Task brief:
Please print the entries below exactly, from the line with "لباسخواب زنانه بلند پلنگی کد 6914" through the line with "Personalized Family Birthstone", including both of those lines and leaving out all others.

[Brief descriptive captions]
Start of Block
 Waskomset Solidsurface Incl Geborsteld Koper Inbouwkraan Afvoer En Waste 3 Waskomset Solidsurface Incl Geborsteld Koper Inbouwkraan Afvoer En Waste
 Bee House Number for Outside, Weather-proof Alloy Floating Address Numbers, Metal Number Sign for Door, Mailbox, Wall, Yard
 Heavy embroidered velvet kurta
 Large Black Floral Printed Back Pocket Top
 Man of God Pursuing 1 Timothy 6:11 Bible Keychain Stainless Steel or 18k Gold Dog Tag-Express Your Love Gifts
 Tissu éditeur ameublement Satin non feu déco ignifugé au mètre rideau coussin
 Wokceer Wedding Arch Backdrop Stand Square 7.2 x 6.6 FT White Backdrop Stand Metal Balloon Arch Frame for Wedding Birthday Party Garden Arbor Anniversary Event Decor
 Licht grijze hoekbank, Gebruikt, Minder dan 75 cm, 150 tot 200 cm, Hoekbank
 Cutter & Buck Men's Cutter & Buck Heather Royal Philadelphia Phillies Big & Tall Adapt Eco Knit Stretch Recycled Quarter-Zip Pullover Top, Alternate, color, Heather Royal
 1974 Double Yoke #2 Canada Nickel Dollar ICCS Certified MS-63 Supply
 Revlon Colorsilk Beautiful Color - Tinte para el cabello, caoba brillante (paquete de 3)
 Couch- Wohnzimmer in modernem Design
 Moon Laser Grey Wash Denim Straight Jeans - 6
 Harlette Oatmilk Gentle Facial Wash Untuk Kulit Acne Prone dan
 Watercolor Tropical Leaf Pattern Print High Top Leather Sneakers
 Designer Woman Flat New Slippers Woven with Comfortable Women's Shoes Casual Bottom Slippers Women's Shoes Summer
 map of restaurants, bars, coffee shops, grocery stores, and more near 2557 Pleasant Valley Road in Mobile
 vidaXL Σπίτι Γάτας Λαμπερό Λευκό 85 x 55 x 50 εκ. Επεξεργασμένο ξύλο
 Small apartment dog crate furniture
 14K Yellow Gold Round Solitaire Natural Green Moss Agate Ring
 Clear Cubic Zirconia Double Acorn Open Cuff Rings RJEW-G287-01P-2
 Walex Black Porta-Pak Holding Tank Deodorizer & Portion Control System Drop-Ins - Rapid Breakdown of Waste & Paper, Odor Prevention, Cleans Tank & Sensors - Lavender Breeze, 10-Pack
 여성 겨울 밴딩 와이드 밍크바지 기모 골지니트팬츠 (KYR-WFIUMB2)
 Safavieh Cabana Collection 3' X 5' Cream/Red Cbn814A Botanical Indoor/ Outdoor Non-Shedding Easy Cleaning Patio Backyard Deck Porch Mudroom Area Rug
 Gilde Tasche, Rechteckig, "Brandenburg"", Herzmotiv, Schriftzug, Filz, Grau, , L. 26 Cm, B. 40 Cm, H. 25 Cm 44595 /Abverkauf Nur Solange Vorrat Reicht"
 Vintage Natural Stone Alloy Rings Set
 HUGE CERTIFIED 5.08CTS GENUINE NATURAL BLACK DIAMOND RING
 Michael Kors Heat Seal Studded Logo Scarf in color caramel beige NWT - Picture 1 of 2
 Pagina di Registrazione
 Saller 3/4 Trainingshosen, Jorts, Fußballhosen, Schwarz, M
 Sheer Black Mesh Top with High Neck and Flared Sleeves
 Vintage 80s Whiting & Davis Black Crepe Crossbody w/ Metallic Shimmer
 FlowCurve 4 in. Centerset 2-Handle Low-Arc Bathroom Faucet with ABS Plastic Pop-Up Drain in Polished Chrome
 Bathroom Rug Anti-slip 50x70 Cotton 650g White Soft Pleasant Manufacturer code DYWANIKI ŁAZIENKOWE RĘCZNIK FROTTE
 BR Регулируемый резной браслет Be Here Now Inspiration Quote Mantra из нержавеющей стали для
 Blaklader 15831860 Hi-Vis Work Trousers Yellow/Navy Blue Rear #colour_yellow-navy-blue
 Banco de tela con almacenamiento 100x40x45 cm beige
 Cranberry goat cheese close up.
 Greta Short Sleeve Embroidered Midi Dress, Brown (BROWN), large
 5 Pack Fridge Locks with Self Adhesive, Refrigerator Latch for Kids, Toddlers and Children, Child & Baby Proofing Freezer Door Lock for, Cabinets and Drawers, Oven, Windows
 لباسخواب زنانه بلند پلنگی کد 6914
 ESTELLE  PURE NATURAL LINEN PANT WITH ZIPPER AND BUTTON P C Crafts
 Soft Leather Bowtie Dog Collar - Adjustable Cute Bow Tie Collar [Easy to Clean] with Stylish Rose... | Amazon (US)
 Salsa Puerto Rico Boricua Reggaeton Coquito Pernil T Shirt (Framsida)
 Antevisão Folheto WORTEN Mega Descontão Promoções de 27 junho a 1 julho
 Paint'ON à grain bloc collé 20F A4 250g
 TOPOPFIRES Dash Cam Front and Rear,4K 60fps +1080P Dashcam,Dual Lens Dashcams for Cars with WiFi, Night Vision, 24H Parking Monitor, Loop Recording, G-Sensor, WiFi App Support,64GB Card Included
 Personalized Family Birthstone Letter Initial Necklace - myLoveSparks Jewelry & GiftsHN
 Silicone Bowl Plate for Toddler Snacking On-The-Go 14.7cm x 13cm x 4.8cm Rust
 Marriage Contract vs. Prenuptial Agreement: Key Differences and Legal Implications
End of Block
Answer box:
 لباسخواب زنانه بلند پلنگی کد 6914
 ESTELLE  PURE NATURAL LINEN PANT WITH ZIPPER AND BUTTON P C Crafts
 Soft Leather Bowtie Dog Collar - Adjustable Cute Bow Tie Collar [Easy to Clean] with Stylish Rose... | Amazon (US)
 Salsa Puerto Rico Boricua Reggaeton Coquito Pernil T Shirt (Framsida)
 Antevisão Folheto WORTEN Mega Descontão Promoções de 27 junho a 1 julho
 Paint'ON à grain bloc collé 20F A4 250g
 TOPOPFIRES Dash Cam Front and Rear,4K 60fps +1080P Dashcam,Dual Lens Dashcams for Cars with WiFi, Night Vision, 24H Parking Monitor, Loop Recording, G-Sensor, WiFi App Support,64GB Card Included
 Personalized Family Birthstone Letter Initial Necklace - myLoveSparks Jewelry & GiftsHN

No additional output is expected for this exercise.